Short descriptive text snippets:

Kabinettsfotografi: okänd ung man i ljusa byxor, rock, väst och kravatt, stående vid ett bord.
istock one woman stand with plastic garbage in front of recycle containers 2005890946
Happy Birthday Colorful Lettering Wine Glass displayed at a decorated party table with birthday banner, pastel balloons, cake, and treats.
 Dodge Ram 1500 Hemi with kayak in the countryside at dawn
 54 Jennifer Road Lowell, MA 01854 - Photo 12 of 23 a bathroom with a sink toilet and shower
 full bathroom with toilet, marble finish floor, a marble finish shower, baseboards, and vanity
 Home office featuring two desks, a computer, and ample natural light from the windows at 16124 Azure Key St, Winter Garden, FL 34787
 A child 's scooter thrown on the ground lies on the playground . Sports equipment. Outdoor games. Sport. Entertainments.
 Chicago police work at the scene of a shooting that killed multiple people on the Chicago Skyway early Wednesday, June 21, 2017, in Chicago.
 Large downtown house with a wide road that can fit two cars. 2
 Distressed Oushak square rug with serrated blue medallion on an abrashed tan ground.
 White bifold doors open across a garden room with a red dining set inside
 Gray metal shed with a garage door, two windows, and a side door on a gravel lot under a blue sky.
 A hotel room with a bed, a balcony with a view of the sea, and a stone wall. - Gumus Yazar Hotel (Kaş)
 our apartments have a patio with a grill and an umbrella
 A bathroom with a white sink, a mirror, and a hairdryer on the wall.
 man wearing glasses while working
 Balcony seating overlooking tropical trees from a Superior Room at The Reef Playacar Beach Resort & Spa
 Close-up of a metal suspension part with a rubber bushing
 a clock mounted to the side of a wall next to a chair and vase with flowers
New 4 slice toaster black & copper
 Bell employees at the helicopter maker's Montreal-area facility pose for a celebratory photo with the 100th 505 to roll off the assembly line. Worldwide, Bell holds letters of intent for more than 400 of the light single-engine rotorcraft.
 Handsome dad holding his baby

WHAT YOU NEED TO DO:
Would you reproduce, word for word, the lines from the one holding "Large downtown house" through the final line of the entries, both included?

FINAL ANSWER:
 Large downtown house with a wide road that can fit two cars. 2
 Distressed Oushak square rug with serrated blue medallion on an abrashed tan ground.
 White bifold doors open across a garden room with a red dining set inside
 Gray metal shed with a garage door, two windows, and a side door on a gravel lot under a blue sky.
 A hotel room with a bed, a balcony with a view of the sea, and a stone wall. - Gumus Yazar Hotel (Kaş)
 our apartments have a patio with a grill and an umbrella
 A bathroom with a white sink, a mirror, and a hairdryer on the wall.
 man wearing glasses while working
 Balcony seating overlooking tropical trees from a Superior Room at The Reef Playacar Beach Resort & Spa
 Close-up of a metal suspension part with a rubber bushing
 a clock mounted to the side of a wall next to a chair and vase with flowers
New 4 slice toaster black & copper
 Bell employees at the helicopter maker's Montreal-area facility pose for a celebratory photo with the 100th 505 to roll off the assembly line. Worldwide, Bell holds letters of intent for more than 400 of the light single-engine rotorcraft.
 Handsome dad holding his baby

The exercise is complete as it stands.